ESRA logo

ESRA 2019 glance program


Evaluating Survey Response Scales 1

Session Organisers Dr Morgan Earp (US Bureau of Labor Statistics)
Dr Robin Kaplan (US Bureau of Labor Statistics)
Dr Jean Fox (US Bureau of Labor Statistics)
TimeThursday 18th July, 14:00 - 15:30
Room D22

The accurate measurement of constructs in surveys depends on the use of valid and reliable item scales. Response scales often come in all shapes and sizes and can vary in their use of modifiers, such as “very” versus “extremely.” They can vary in features such as the number of response options, inclusion of numeric and/or semantic labels, scale direction, unipolar versus bipolar response options, and scale orientation. Item scales also can vary in their ability to distinguish between latent trait levels; some response options may provide more item characteristic information than others. Furthermore, with the variety of modes now available (such as web, mobile, and SMS text, as well as paper), there are additional considerations regarding how response scales can be presented (for example, single-item vs. matrix scales). With so many factors to consider, it can be difficult to know how to develop the optimal response scale for a particular construct or mode. This panel focuses on the investigation of item response scales and how they affect survey response and data quality using a variety of scale evaluation techniques including, but not limited to psychometric techniques. We invite submissions that explore all aspect of scale development and assessment, including:
(1) The impact of various question design features such as scale direction, scale length, horizontal vs. vertical scale orientation, use of modifiers, numeric labels, number of response options, etc. on survey response and data quality.
(2) The development and assessment of response scales across different data collection modes
(3) The use of psychometric and statistical measures for evaluating response scales, for example, item characteristics curves, differential item functioning, item invariance, different measures of reliability and validity, etc.
(4) Approaches for determining scale measurement invariance across different modes and devices (e.g., mobile).
(5) Comparisons of item-by-item versus matrix questions.
(6) Research showing the impact of different modifiers (for example, “a little” vs. “somewhat”).
(7) Exploration of differential item functioning and item invariance for varying item response scales
(8) Approaches for determining scale measurement invariance across different modes and devices (e.g., mobile).

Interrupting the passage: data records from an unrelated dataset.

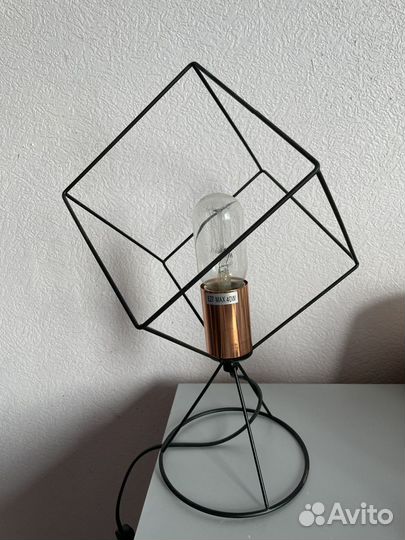 Настольный светильник
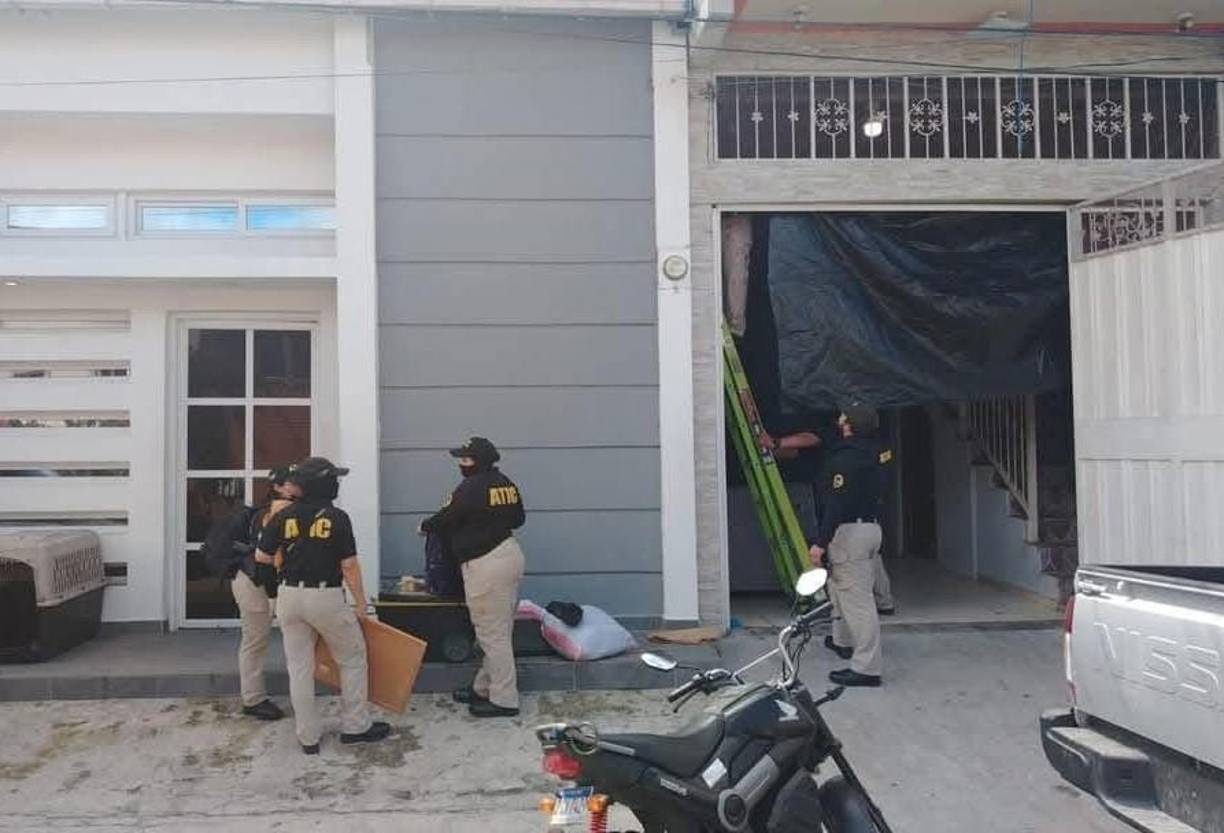 En el operativo se decomisó un vehículo tipo camión, que según las autoridades, fue utilizado durante el crimen, además, incautaron una motocicleta, armas de fuego y teléfonos celulares.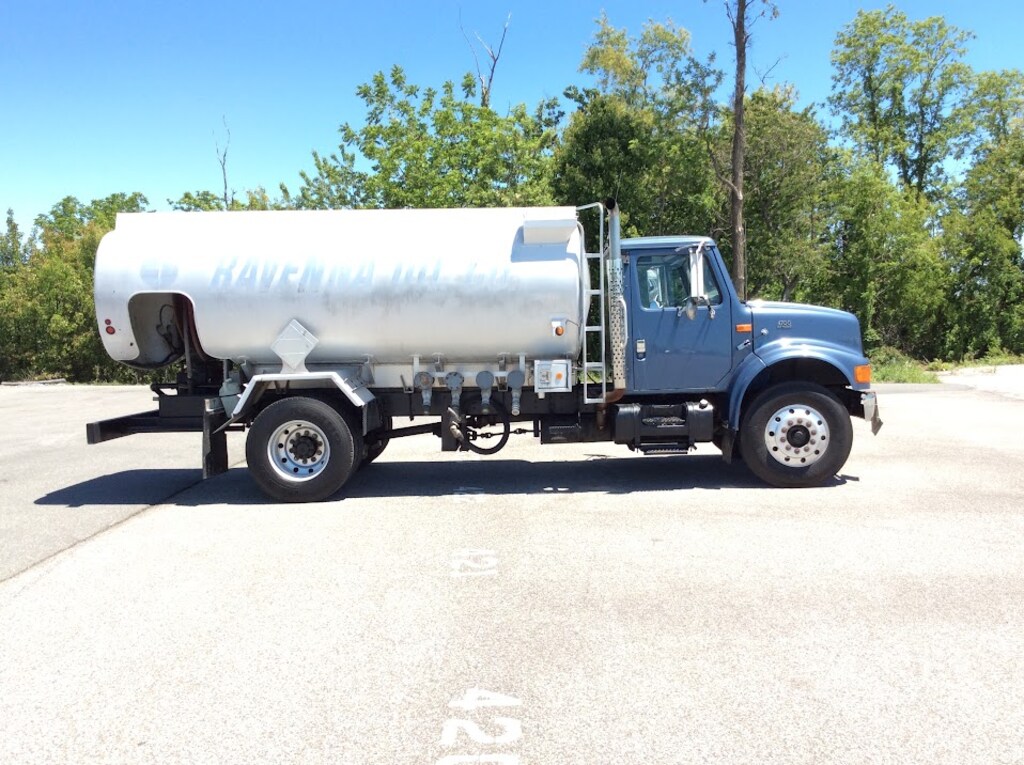 Used 1998 International 4700 Tank Truck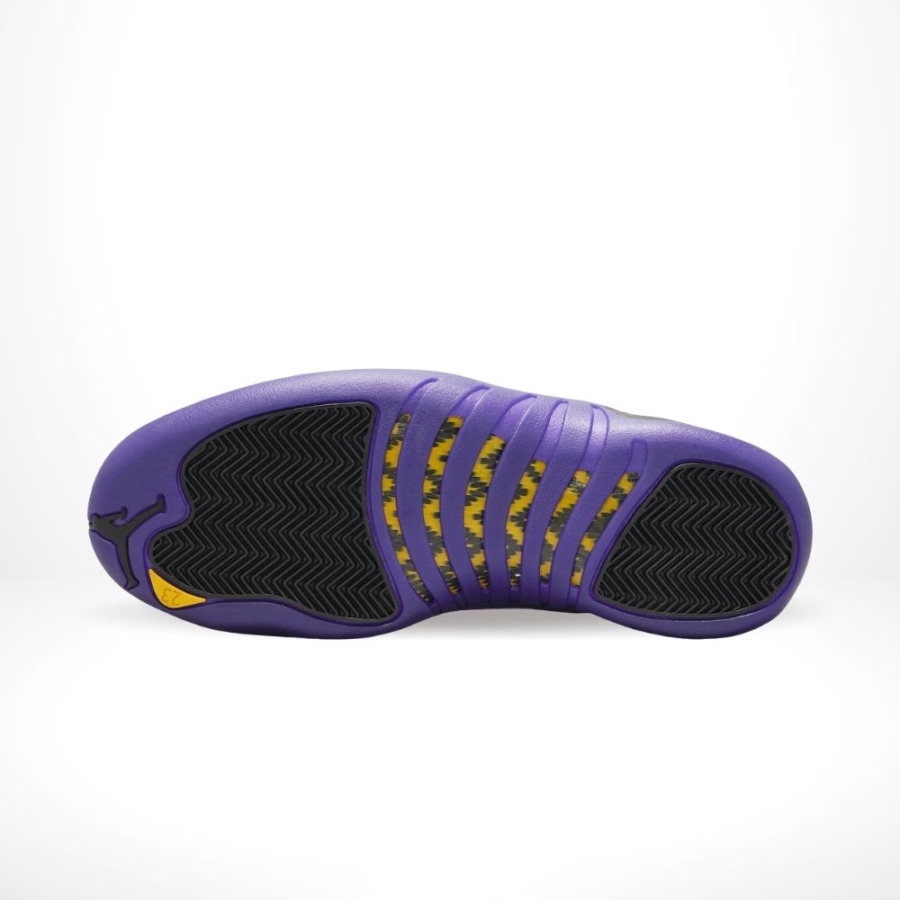 Bottom sole of Air Jordan 12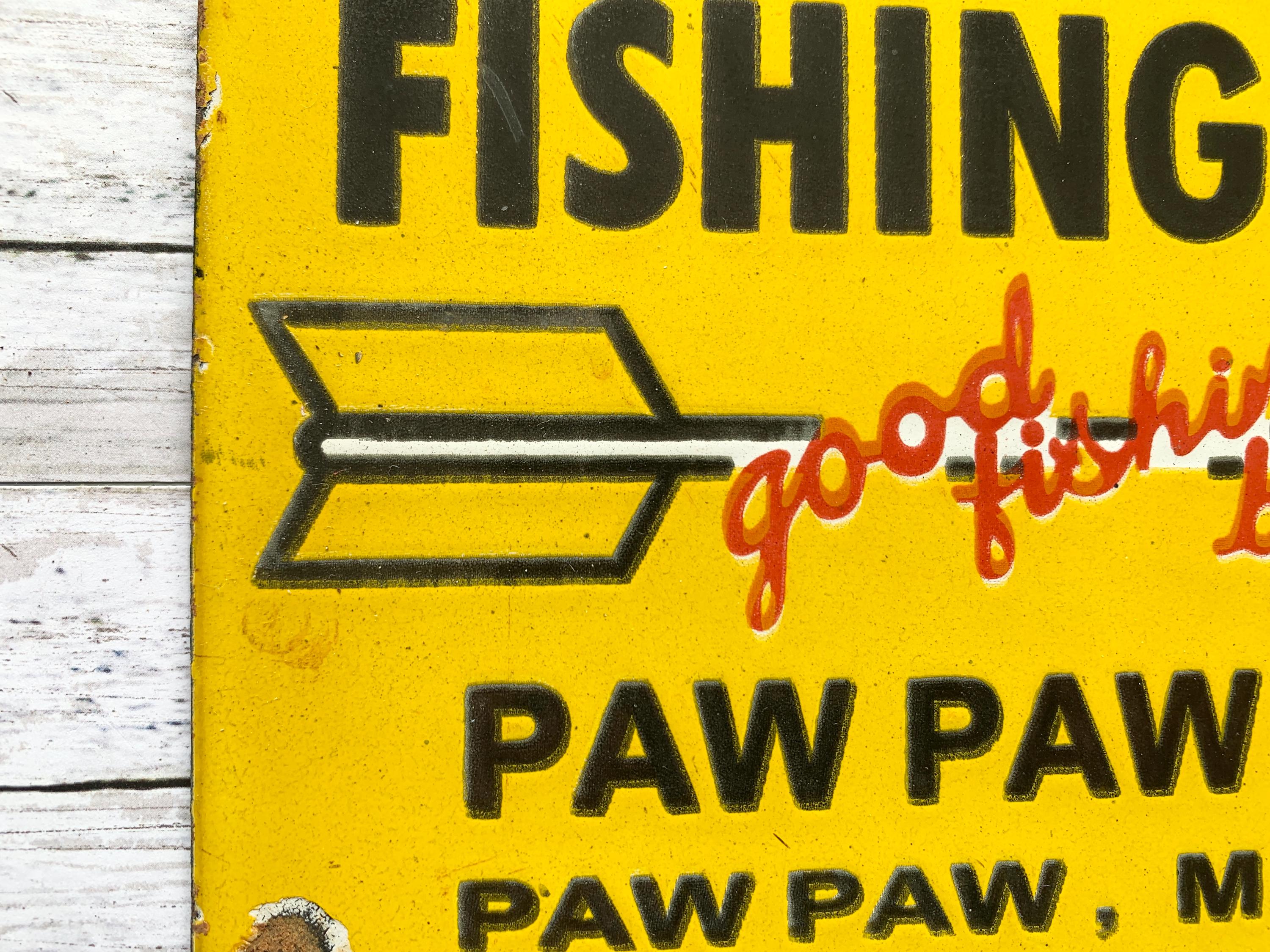 Enseigne publicitaire papier pêche vintage Paw Paw Bait Co. Take A Boy NOS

Keywords: response scales, scale development, psychometrics, item response theory, confirmatory factor analysis

All Thumbs?: Designing Thumb-Friendly Scales for Online Surveys

Dr Frances Barlas (Ipsos Public Affairs) - Presenting Author
Mr Randall Thomas (Ipsos Public Affairs)

As survey designers we need creative and respondent-friendly solutions that facilitate online survey completion on any device respondents choose, including in a thumb-friendly smartphone environment. Given the growing use of emojis in smartphone communication, we are investigating their effectiveness as response scales in online surveys for all devices. At the 2018 AAPOR conference, we presented work from an initial study that showed emojis could be a good option for making surveys smartphone friendly, we discovered that there were limits to the types of scales that lend themselves to emojis. For that study, we assessed the effectiveness of smiley faces and thumbs up/down emojis for both unipolar and bipolar scales. While the scales showed comparable results to semantically-labeled scales, with the thumbs up/down scale, the neutral point of the bipolar scale and the absence of the concept in the unipolar scale was a sideways thumb which seemed to confuse some study participants. We conducted additional research to consider alternative designs in an effort to improve the experience for respondents while looking to achieve comparable if not superior results to the semantically-labeled variant of the scale. The testing included alternative designs for the sideways thumb that would function well in both unipolar and bipolar scales. We found that presenting a fist with a flattened thumb worked just as well as the version of the scale with the thumbs-sideways and seemed more intuitive for respondents. While the emoji scales took about the same amount of time for respondents to answer, respondents reported somewhat more enjoyment using the emoji scales. Overall, presenting emoji responses options without corresponding semantic labels yielded reliable results, and took about the same length of time to complete as semantic scales. We discuss additional improvements to emoji scales that can potential make them more efficient for future research.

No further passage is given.